Diesel fuel release in Texas County.
Diesel fuel release in Texas County.


The Environmental Emergency Response (EER) Section is the department’s front line of defense against significant and imminent hazardous substance releases, natural or man-made disasters, and homeland security threats that impact public safety and the environment.  This section is primarily responsible for fulfilling the department’s duties contained within Revised Missouri Statutes, Chapter 260, sections 260.500 through 550, commonly referred to as the Spill Bill. Responsibilities include responding to address any chemical, petroleum, or other material spilled on to the land, water, or atmosphere that may impact the public health and safety and the environment.

Duty officers monitor the statutorily mandated Spill Reporting Hotline 24 hours a day, seven days a week, 365 days a year, on a rotating basis.  During normal business hours, duty officers staff the Incident Command Center located at the Environmental Services Program in Jefferson City.  After normal business hours, the spill reporting hotline is answered from the duty officer’s residence.

In addition to the duty officers, staff are stationed at six different locations throughout Missouri.  State On-Scene Coordinators conduct operations out of these locations and are dispatched via the 24-hour Spill Reporting Hotline by a duty officer in Jefferson City. EER staff include hazardous material technicians in Jefferson City, St. Louis, Poplar Bluff, Kansas City, Macon and Springfield who respond when an environmental emergency occurs.

On average, EER receives more than 1,500 incident calls and responds, on average, to more than 300 hazardous substance emergencies each year. Many of those calls involve tractor trailer accidents. It is not unusual for tractor trailer accidents to include leaking vehicle fuel tanks. Whether responders are called to an incident on the highway or in the country, they stand ready to protect the environment of the state of Missouri.

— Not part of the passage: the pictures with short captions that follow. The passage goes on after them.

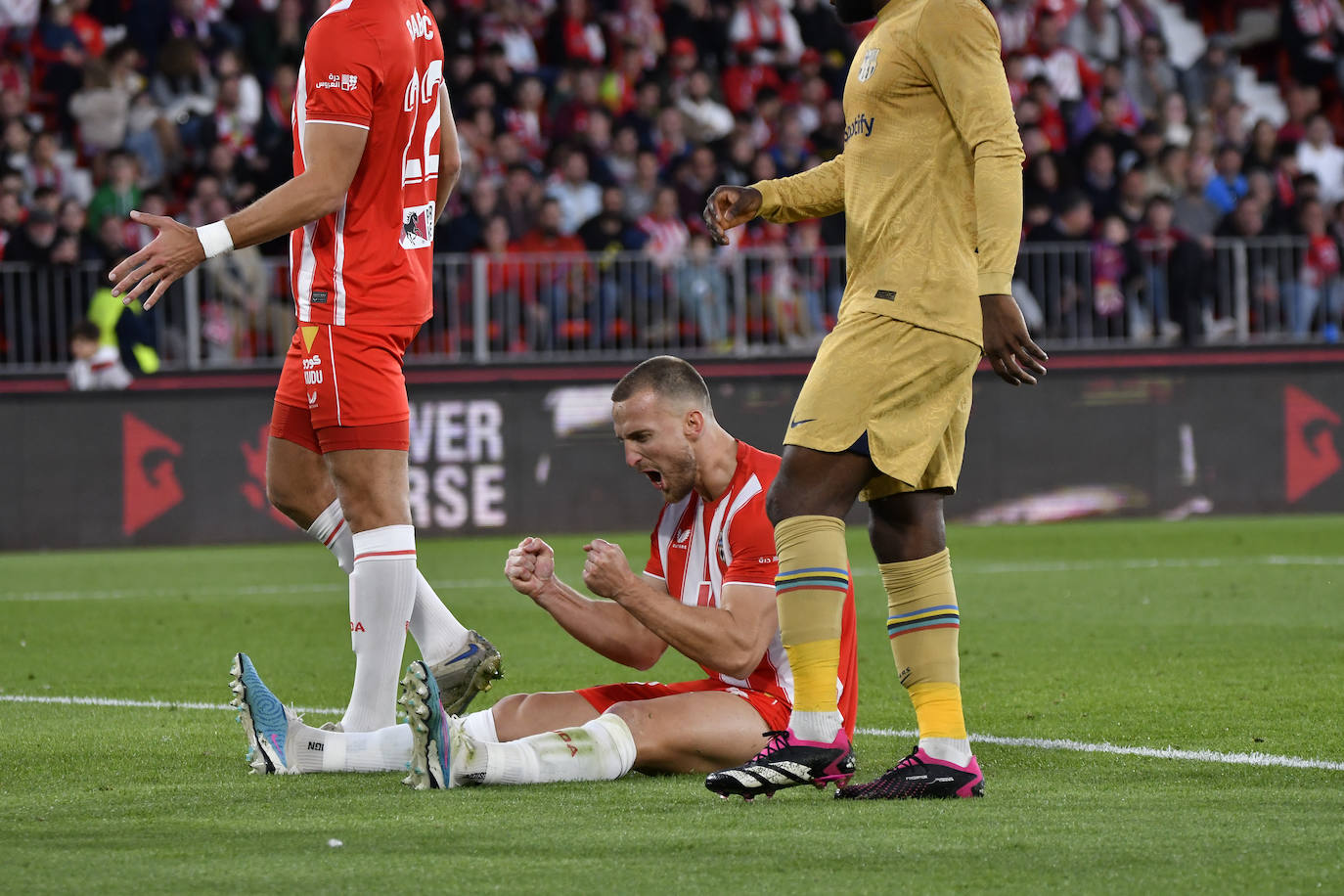 El Almería sella una victoria para dejar atrás el infierno
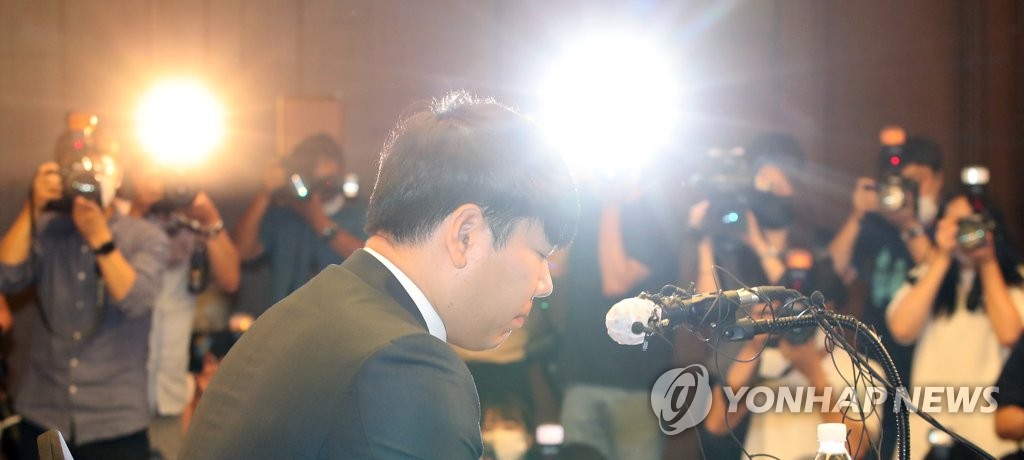 Former major league player Kang Jung-ho speaks at a press conference at a Seoul hotel on June 23, 2020, as he apologizes for his past drunk driving cases in a bid to return to the Korea Baseball Organization. (Yonhap)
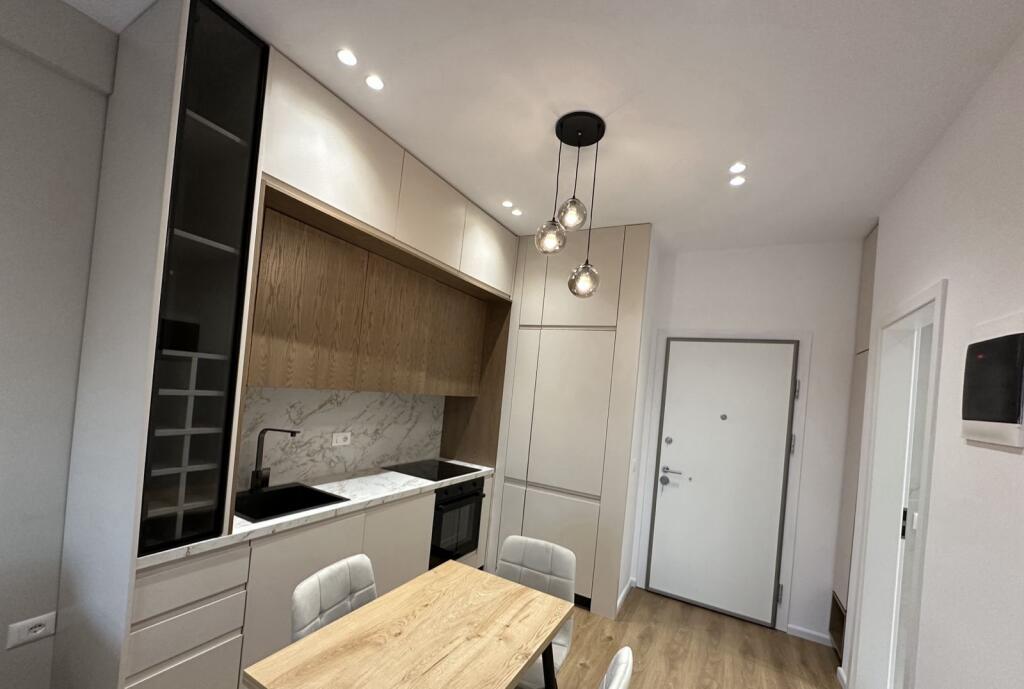APARTAMENT ME QERA 1+1 ALI DEMI 52.000 LEKE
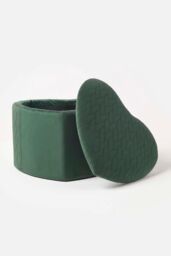 Homescapes Arundel Heart-Shaped Velvet Footstool with Storage in Emerald - thumbnail 3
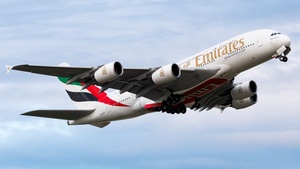 Photo of A6-EEB - Airbus A380-861 operated by Emirates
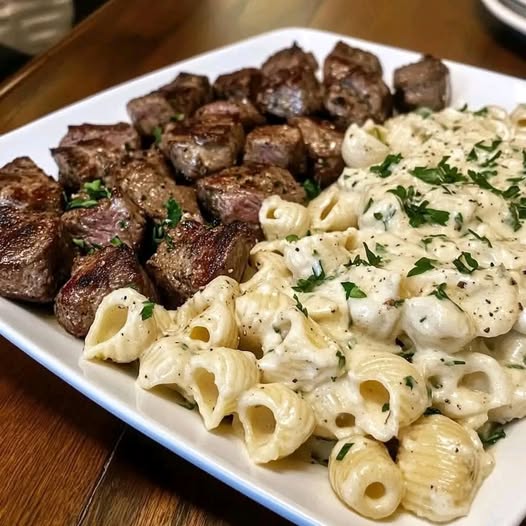 Garlic Butter Steak Bites & Parmesan Alfredo Shells: A Decadent Dinner Combo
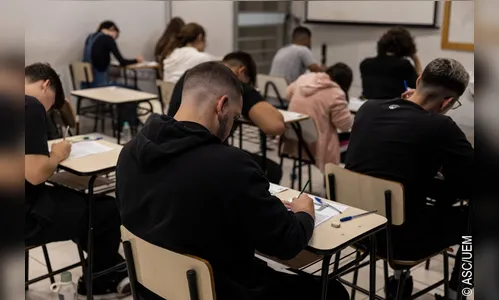 UEM divulga nota e imagem da redação de vestibulares de inverno e EaD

Access a brochure about EER.

EER Tracking System

EER uses a database, the Missouri Environmental Emergency Response Tracking System, as a repository for information related to all hazardous substance emergencies and releases.  Details of each spill or incident are entered into the system by the officer on duty at the time of the spill. The database information can be queried as far back as December 1993. It is available on the Internet in a searchable format.

Missouri Environmental Emergency Response Tracking System

Missouri Environmental Incident Search

Public Outreach

EER works diligently to develop and advance working relationships with local, state and federal partners. It is extremely important to share our mission and to understand the roles and responsibilities of these various agencies before environmental emergencies occur in their jurisdictions.

It is equally important to educate, inform and interact with the general public, school children and other parties to further their understanding of what their role is in protecting the environment and the mission of Emergency Response. The section reaches many individuals through different events including the EER booth at the Missouri State Fair, local emergency planning committee meetings, regional homeland security oversight committee meetings, career fairs, Earth Day events, and other local, regional and statewide exercises and training events.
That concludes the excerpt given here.